**Data for analysis**
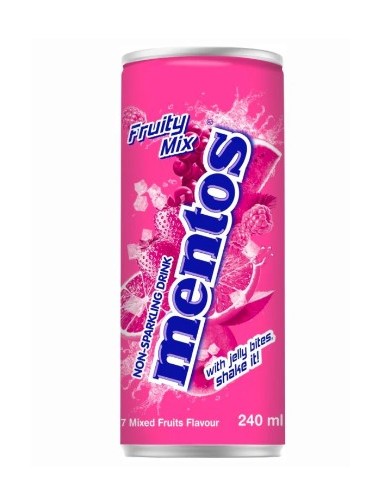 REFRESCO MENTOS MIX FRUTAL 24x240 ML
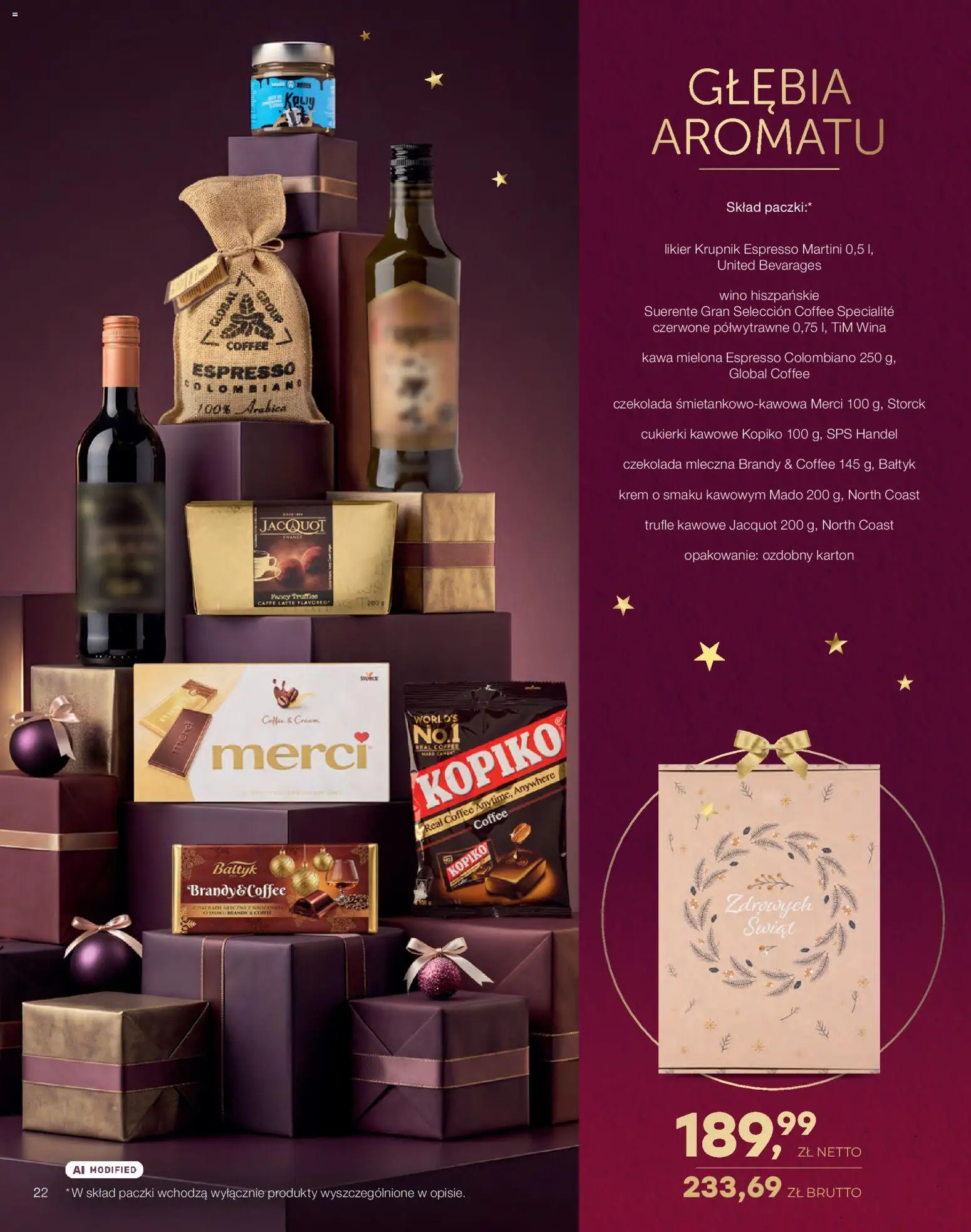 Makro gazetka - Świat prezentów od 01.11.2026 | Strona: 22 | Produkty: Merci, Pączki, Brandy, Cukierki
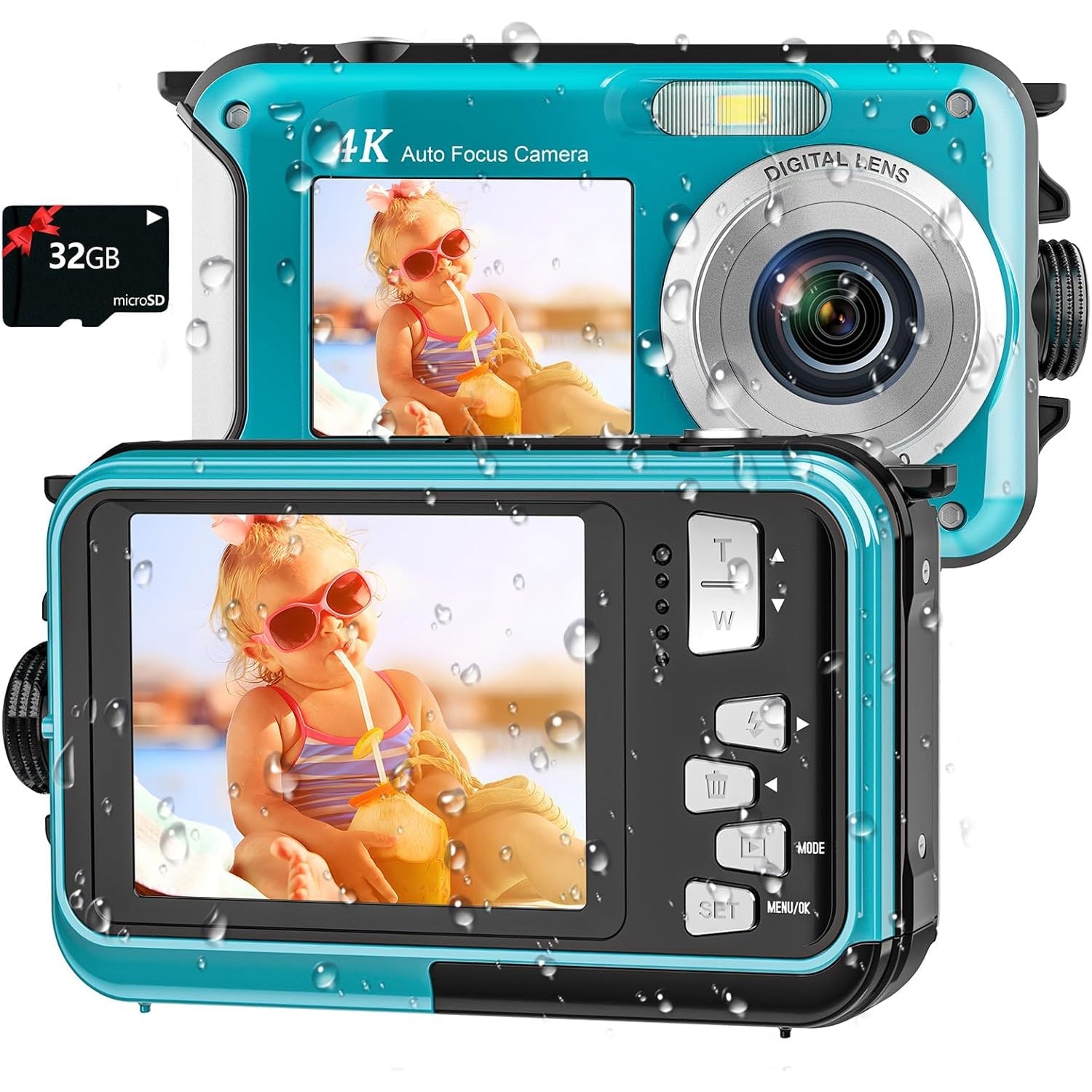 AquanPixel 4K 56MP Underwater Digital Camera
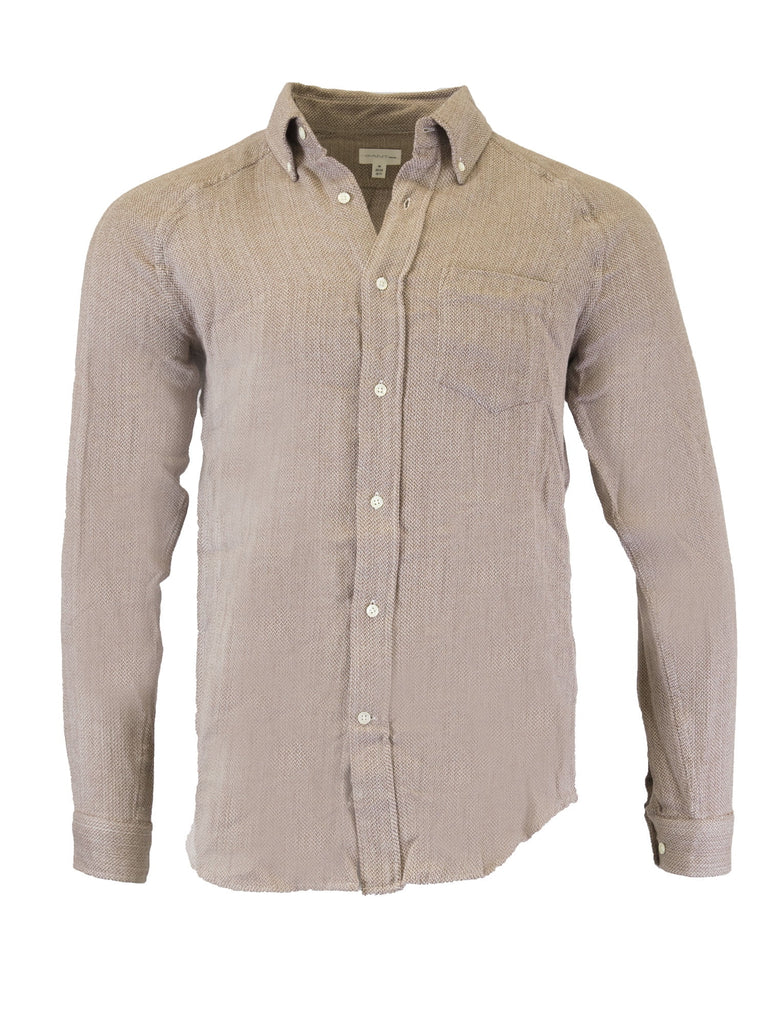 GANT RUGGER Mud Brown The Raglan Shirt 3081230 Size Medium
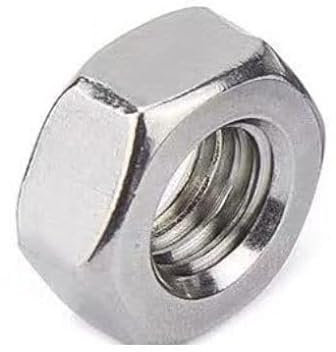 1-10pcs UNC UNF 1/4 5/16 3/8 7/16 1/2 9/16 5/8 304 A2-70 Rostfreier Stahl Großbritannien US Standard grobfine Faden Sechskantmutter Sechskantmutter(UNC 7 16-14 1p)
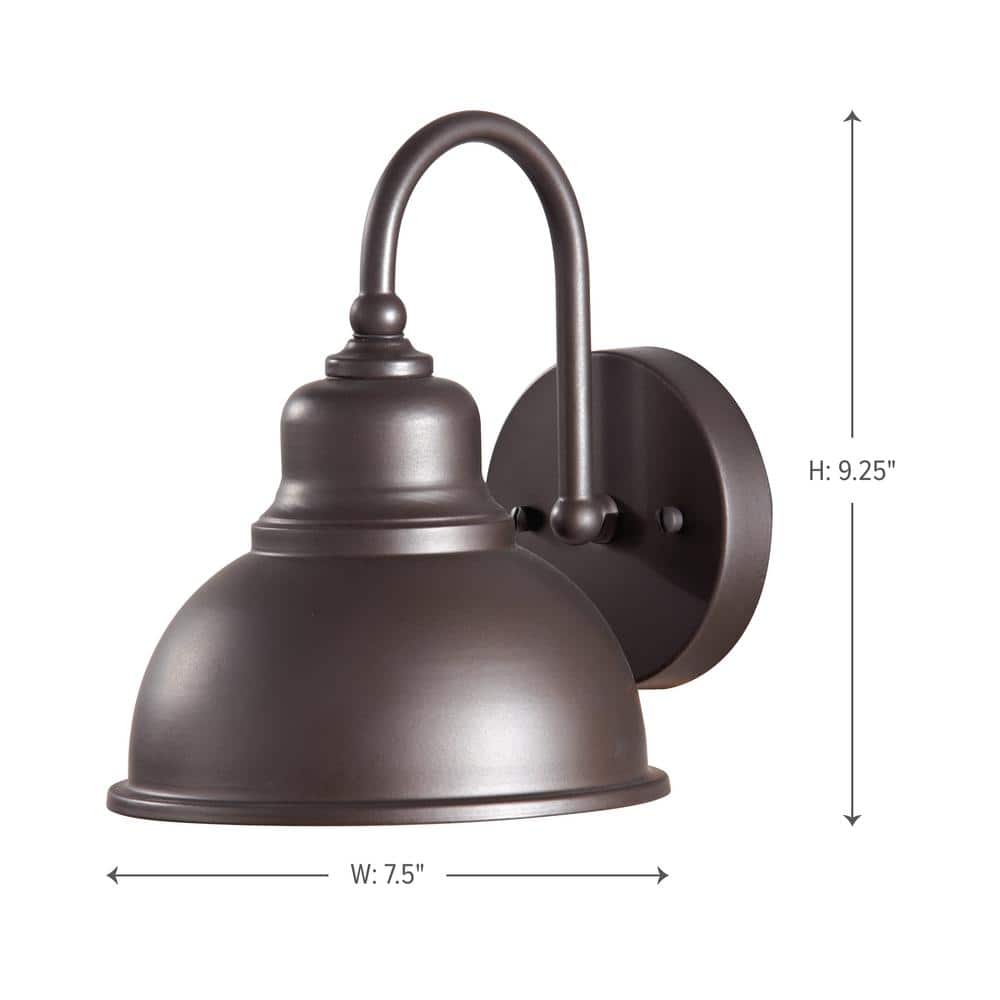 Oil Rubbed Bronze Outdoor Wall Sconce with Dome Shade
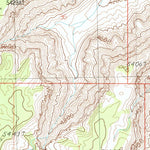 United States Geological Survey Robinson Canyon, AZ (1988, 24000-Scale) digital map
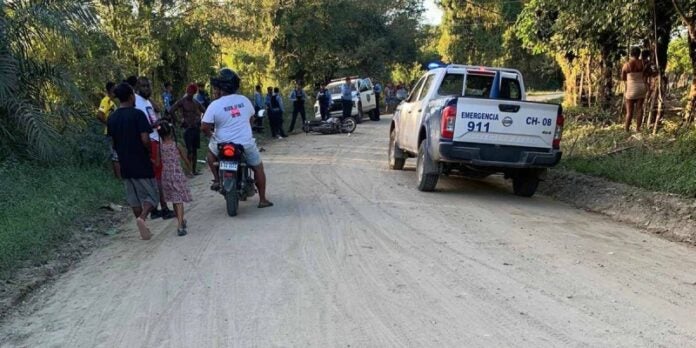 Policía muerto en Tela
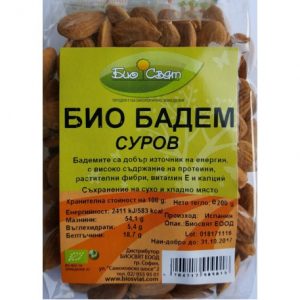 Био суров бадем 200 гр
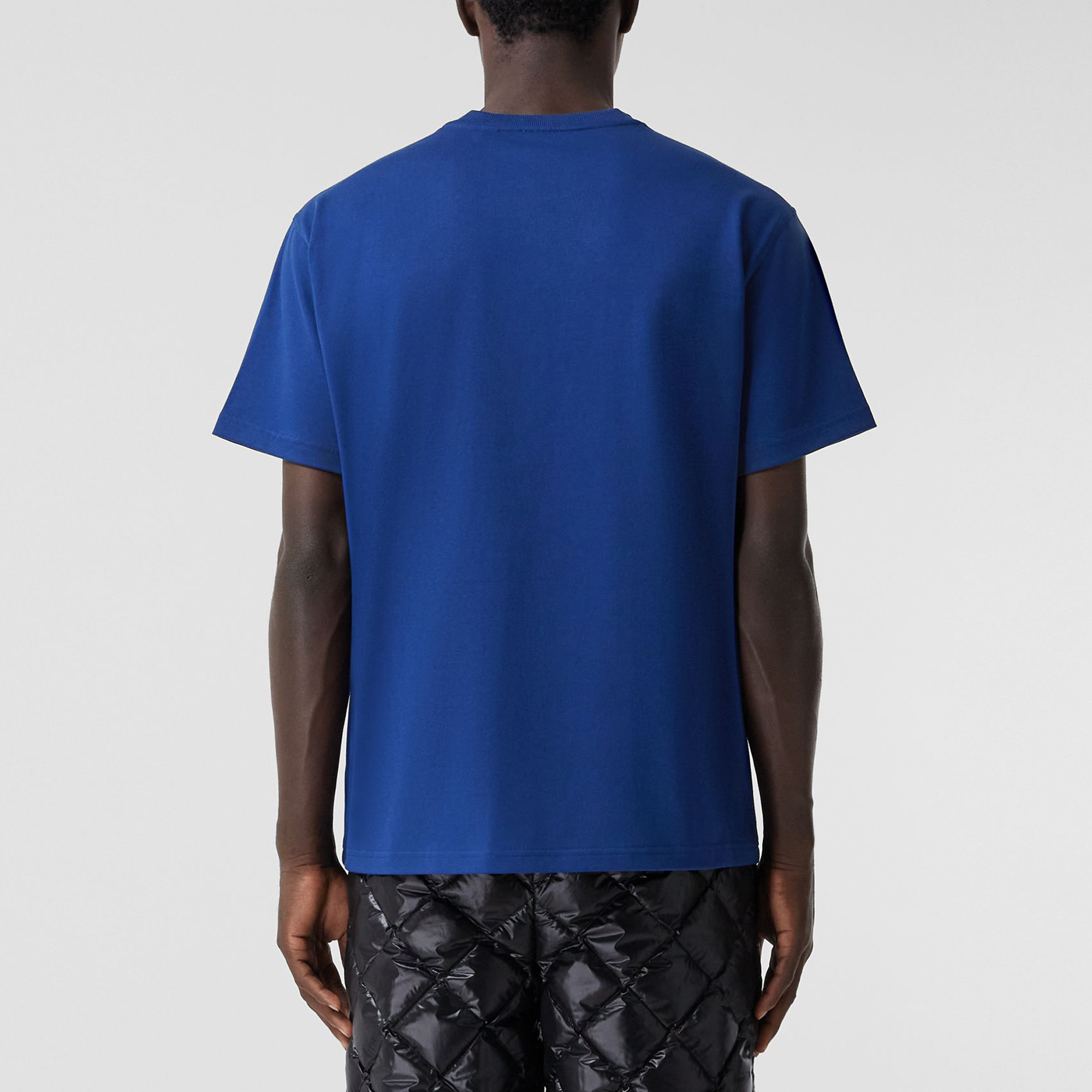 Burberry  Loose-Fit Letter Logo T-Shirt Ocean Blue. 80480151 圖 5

**Exercise description**
When you reach the line that contains "Oil Rubbed Bronze", start copying the listing word for word and stop only after its last line, without any pictures.

**Task result**
 Oil Rubbed Bronze Outdoor Wall Sconce with Dome Shade
 United States Geological Survey Robinson Canyon, AZ (1988, 24000-Scale) digital map
 Policía muerto en Tela
 Био суров бадем 200 гр
 Burberry  Loose-Fit Letter Logo T-Shirt Ocean Blue. 80480151 圖 5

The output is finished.